* Directions *
For every entry, reproduce the wording exactly and omit any image it holds.
Start of Data listing
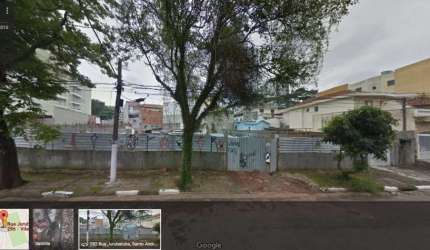 Terreno à venda, 1028 m² - Vila Pires - Santo André/SP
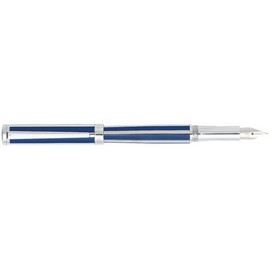 Sheaffer Intensity Ultramarine Striped Medium Point Fountain Pen - SH-9230-0 by Sheaffer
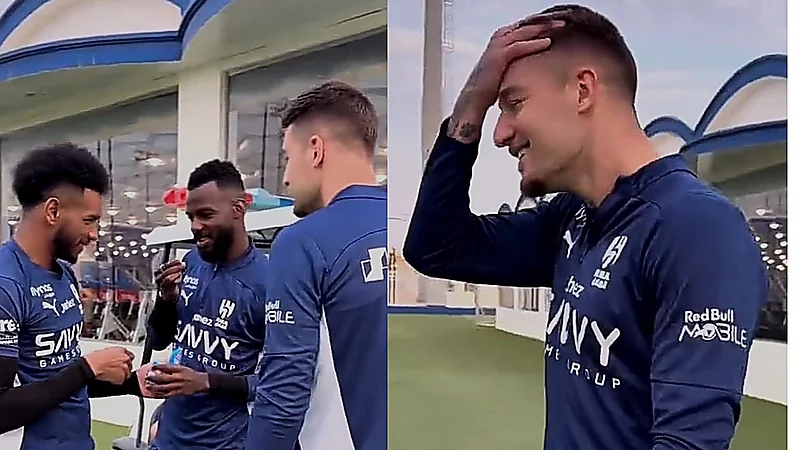 سافيتش يُقلد البليهي .. فيديو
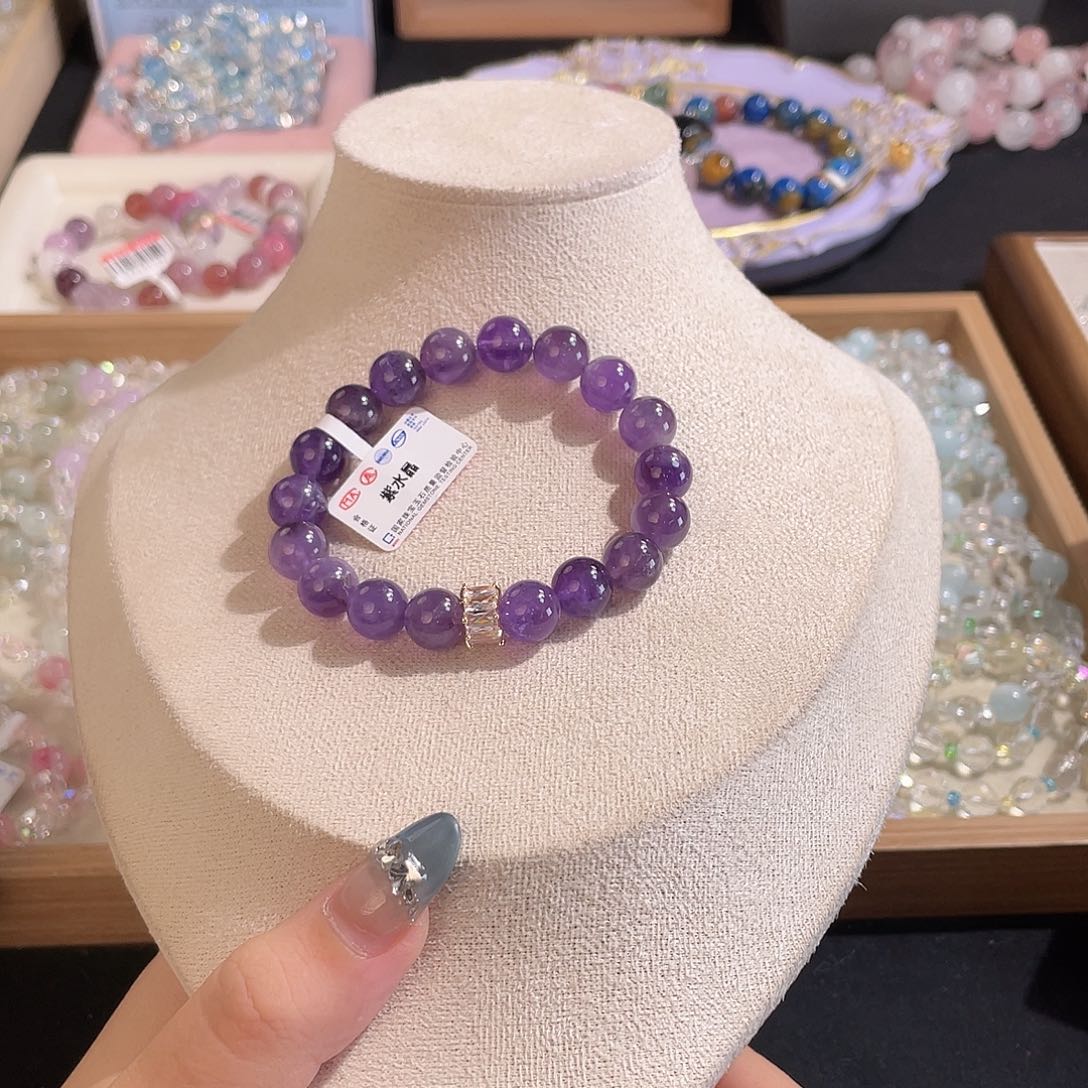 水晶手链未镶嵌?****子多样性发货a800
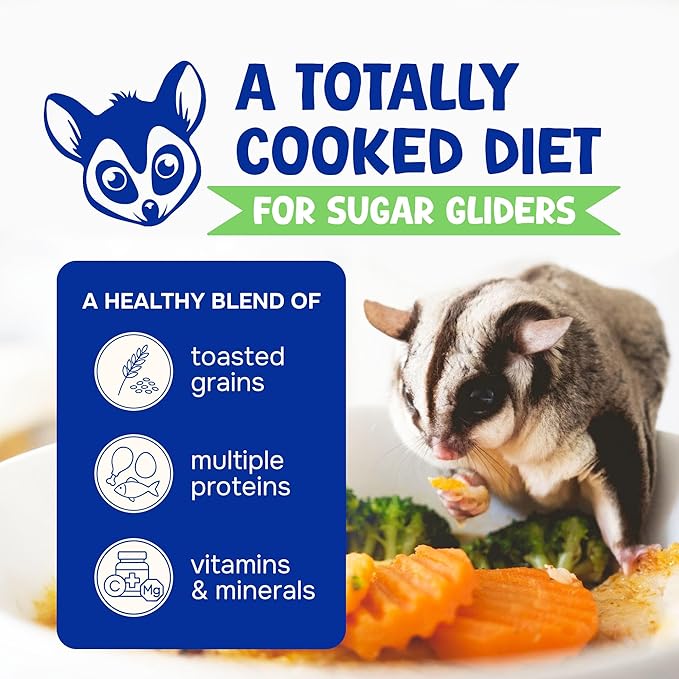 Happy Glider Sugar Glider Food - Fruity Flavor | 3 lbs of Premium Food for Sugar Gliders and Small Animals - 4 Months Supply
End of Data listing
* Task output *
 Terreno à venda, 1028 m² - Vila Pires - Santo André/SP
 Sheaffer Intensity Ultramarine Striped Medium Point Fountain Pen - SH-9230-0 by Sheaffer
 سافيتش يُقلد البليهي .. فيديو
 水晶手链未镶嵌?****子多样性发货a800
 Happy Glider Sugar Glider Food - Fruity Flavor | 3 lbs of Premium Food for Sugar Gliders and Small Animals - 4 Months Supply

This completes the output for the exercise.